# Required work
Reproduce everything from the line that contains "To calibrate the" down to the line that contains "You can participate" in the listing below, word for word and nothing more. Leave the pictures out.

# Provided entries

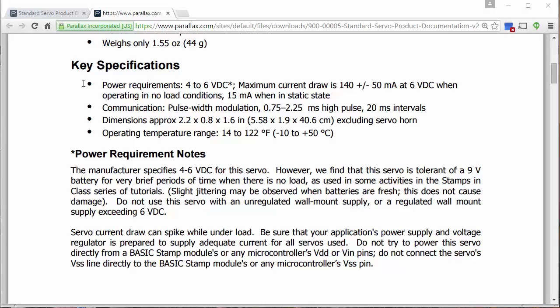In order to use our servos with the PSOC, we'll need to make sure that our PSOC is running in its 5 volt mode so that it is in this range of 4 to 6 volts. It also notes that the communication protocol for setting the positions of the servo is pulse width modulation. Now that we know how to do that, we can use pulse width modulation to set the angles of our servos.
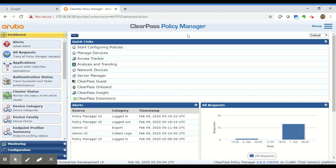Hello everybody, my name is Tiago Ranjan and I am a network engineer with Aerovaya Networks. Today we will look at how we can create local users on ClearPass.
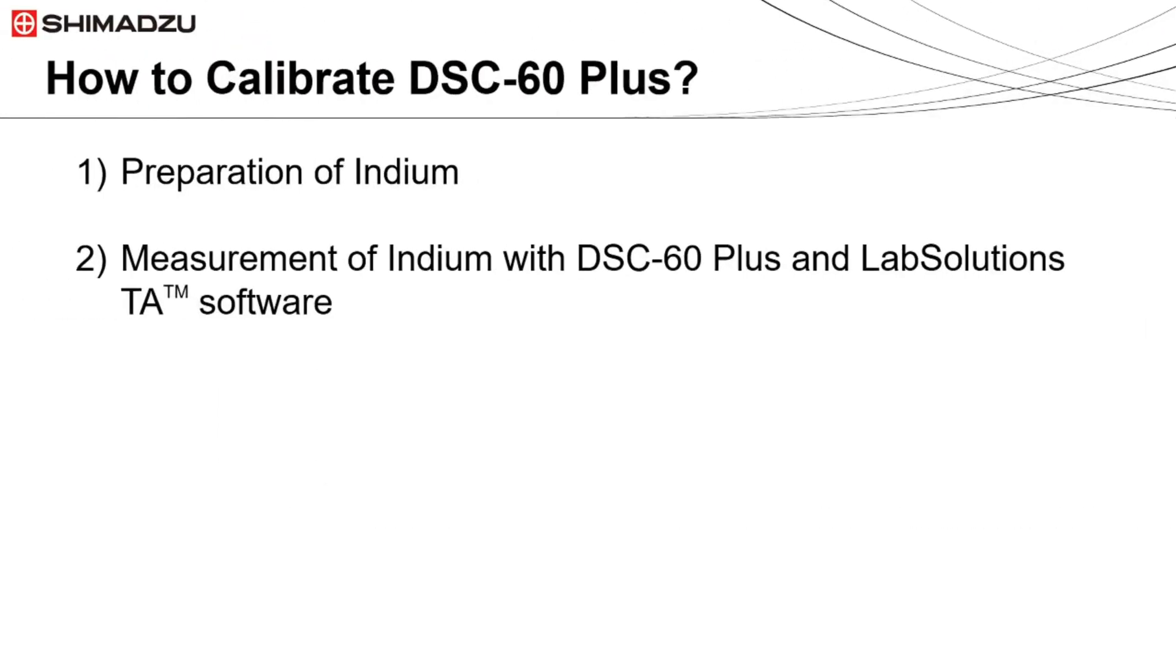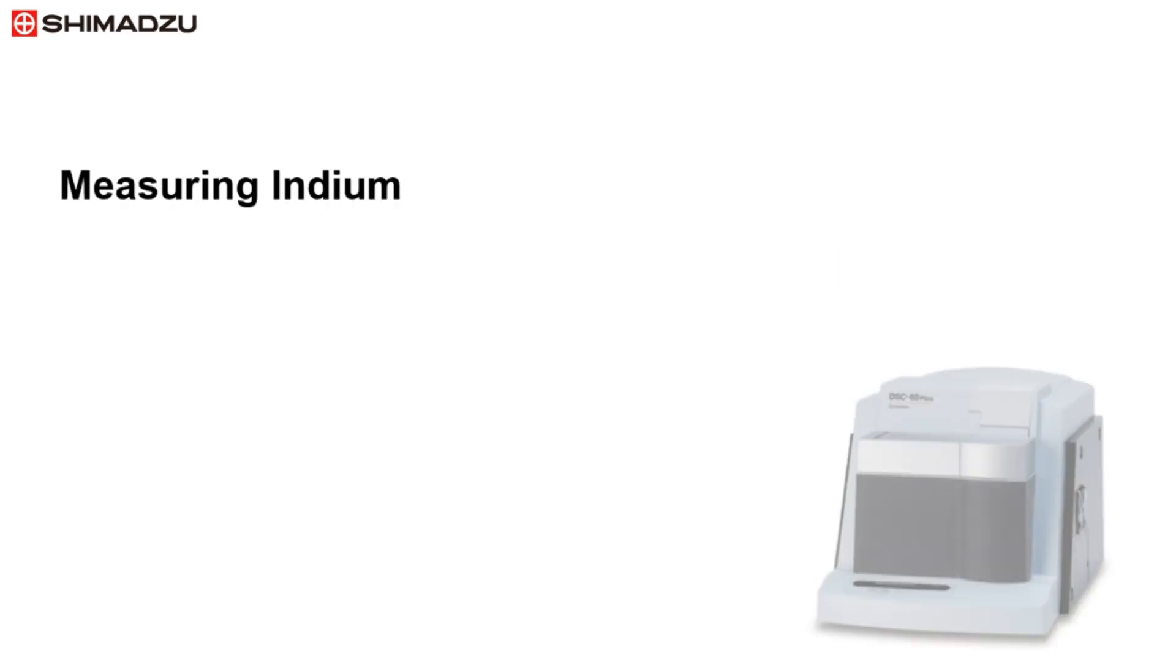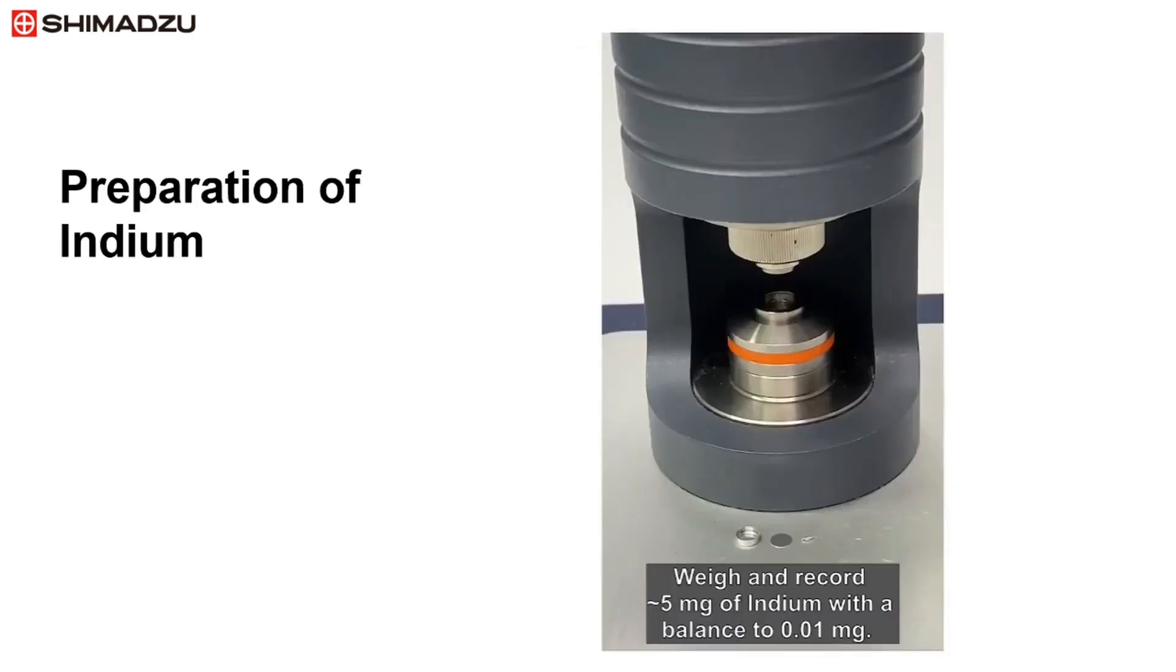To calibrate the DSC-60 Plus, the indium is prepared first. The indium is then analyzed with the DSC-60 Plus together with the LabSolutions TA software program. Next we will show how to analyze indium with DSC-60 Plus.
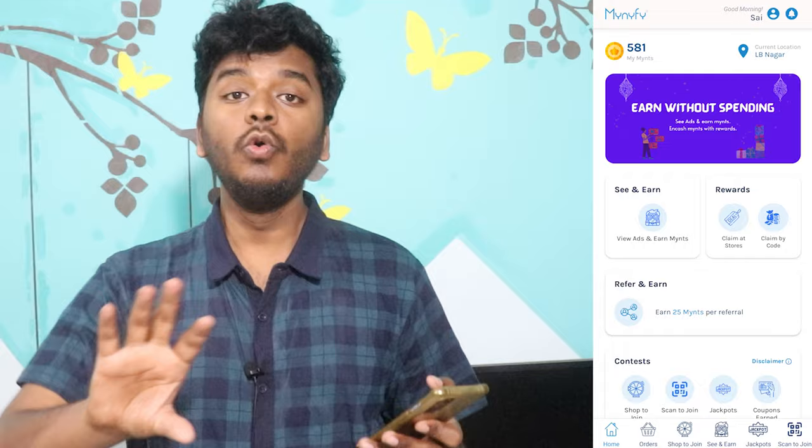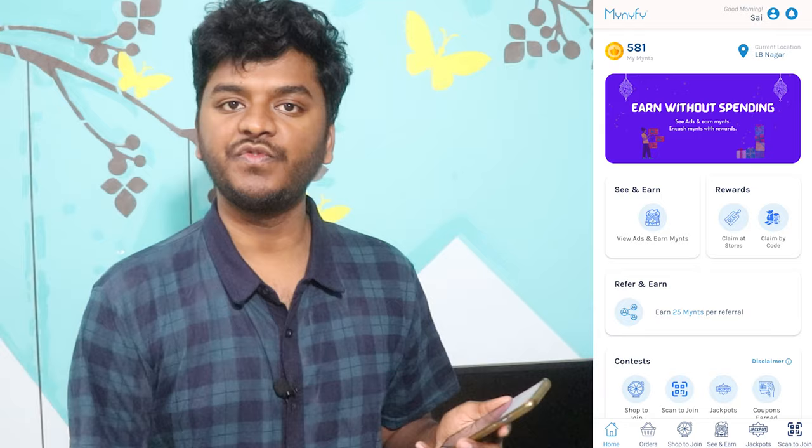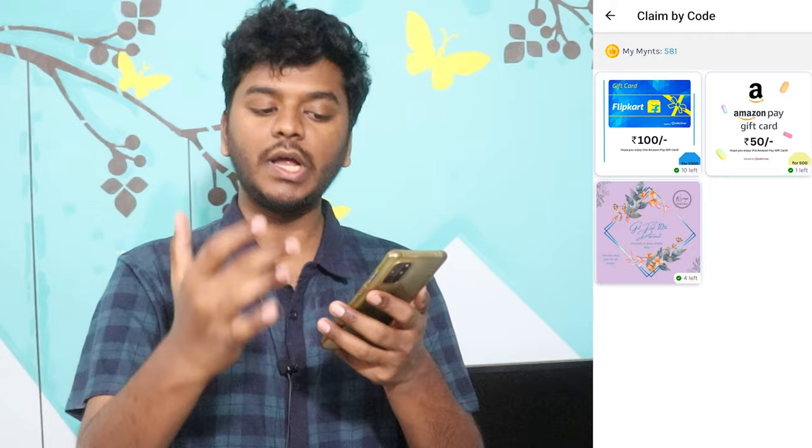You can participate in this. If you don't have any ad in your store, you can claim a pizza for free. You have a claim by store. You can find it in this store. If you don't have a claim by code, you can simply click here. Amazon, Flipkart — you can claim these codes directly.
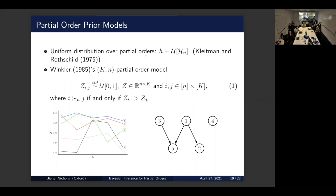Another drawback is that this model doesn't have marginal consistency — a desirable property where marginals of the distribution belong to the same family. For two actors there are three partial orders, but for three actors there are 19, making it impossible to map these consistently. So marginal consistency doesn't hold in the uniform model.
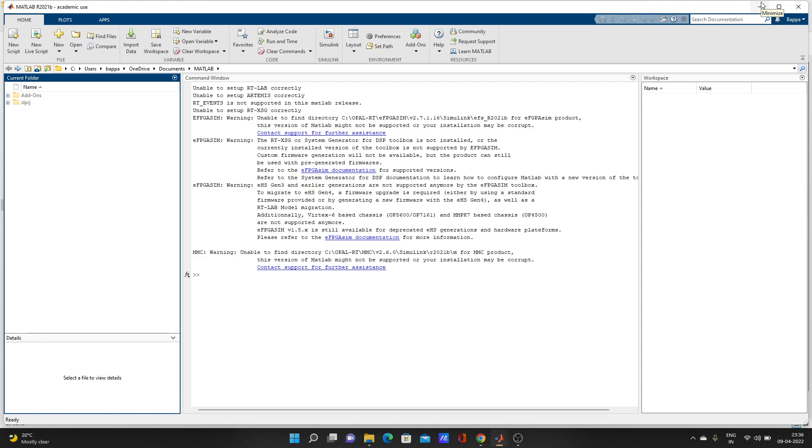Hello, today we will see how to build a simple Simulink model and simulate that model.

# Written response
To calibrate the DSC-60 Plus, the indium is prepared first. The indium is then analyzed with the DSC-60 Plus together with the LabSolutions TA software program. Next we will show how to analyze indium with DSC-60 Plus.
You can participate in this. If you don't have any ad in your store, you can claim a pizza for free. You have a claim by store. You can find it in this store. If you don't have a claim by code, you can simply click here. Amazon, Flipkart — you can claim these codes directly.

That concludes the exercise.